The landings were successful and Telok Anson was taken after a brisk battle with the 3rd Cavalry and 1st Independent Company on 2 January 1942. Once Telok Anson had fallen the 3rd Cavalry and 1st Independent Company fell back to the 12th Brigade which successfully delayed the Japanese from taking the main north–south road. Major-General Paris, with his line of retreat threatened, ordered the positions at Kampar to be abandoned. The 12th Brigade covered the retreat of 11th Division and the British pulled back to the next prepared defensive position at Slim River.

During the British retreat to Slim River, the 4th Imperial Guards Regiment landed at the Selangor River and occupied the town of Batang Berjuntai, thus threatening the key hub of Kuala Selangor. Percival sent the newly arrived 45th Brigade to oppose this threat.

==Aftermath==
Over the four-day period, between 30 December 1941 and 2 January 1942, the 11th Division managed to fight off determined Japanese attacks and inflicted heavy casualties upon them. Such were the Japanese losses that the 41st Infantry Regiment was unable to participate in the later invasion of Singapore.
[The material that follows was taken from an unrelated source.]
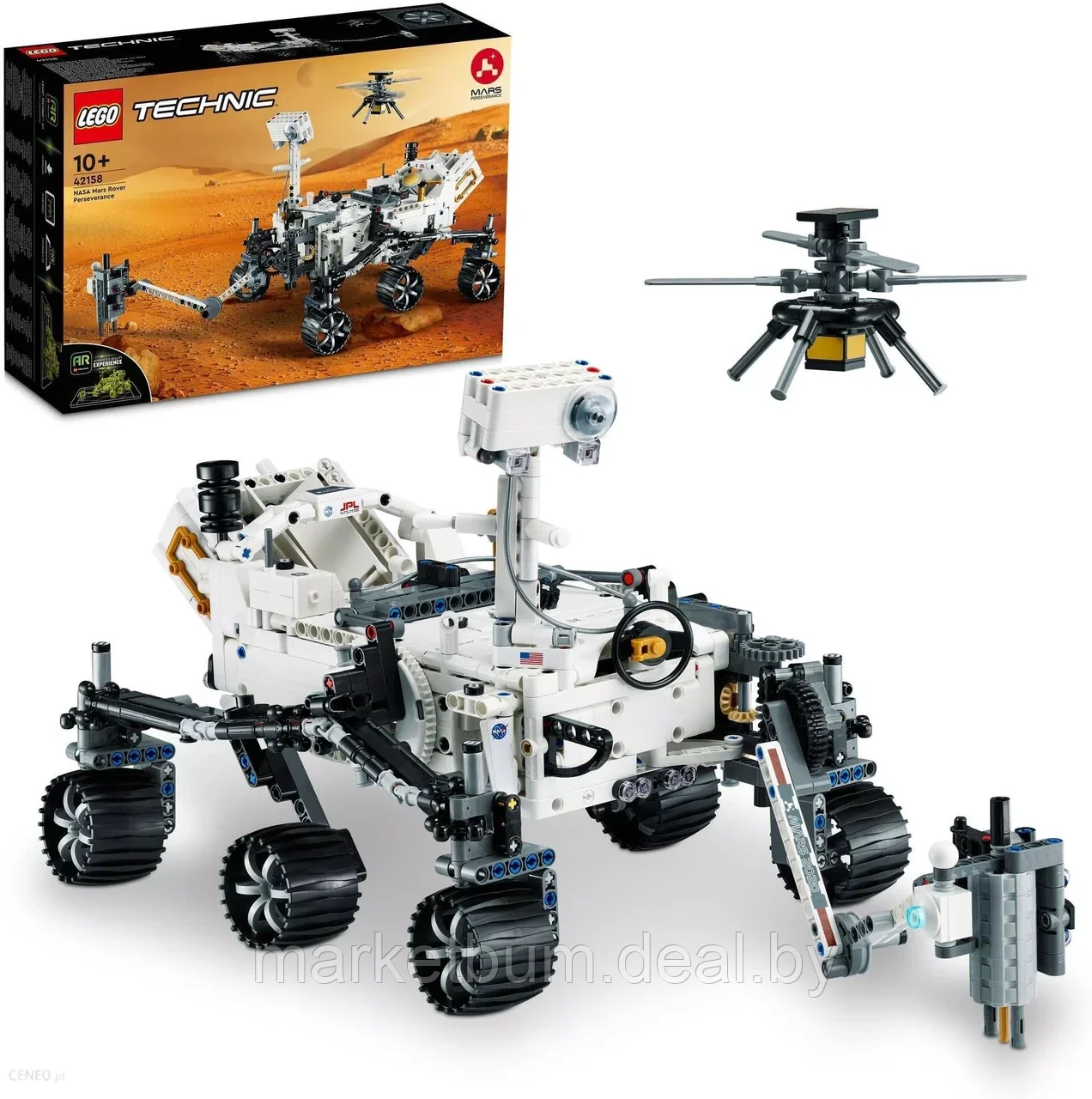 Конструктор LEGO Technic 42158, Марсоход NASA - фото 1 - id-p215279091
Japanese newspapers at the time claimed 500 Japanese casualties against an Allied loss of 150, but there was no official release of actual Japanese casualties. It was the first serious defeat the Japanese had experienced in the Malayan campaign. Even though the battle was a success for the Allies, the lack of reserves in Malaya Command to support the 11th Division forced the division's withdrawal towards the Slim River.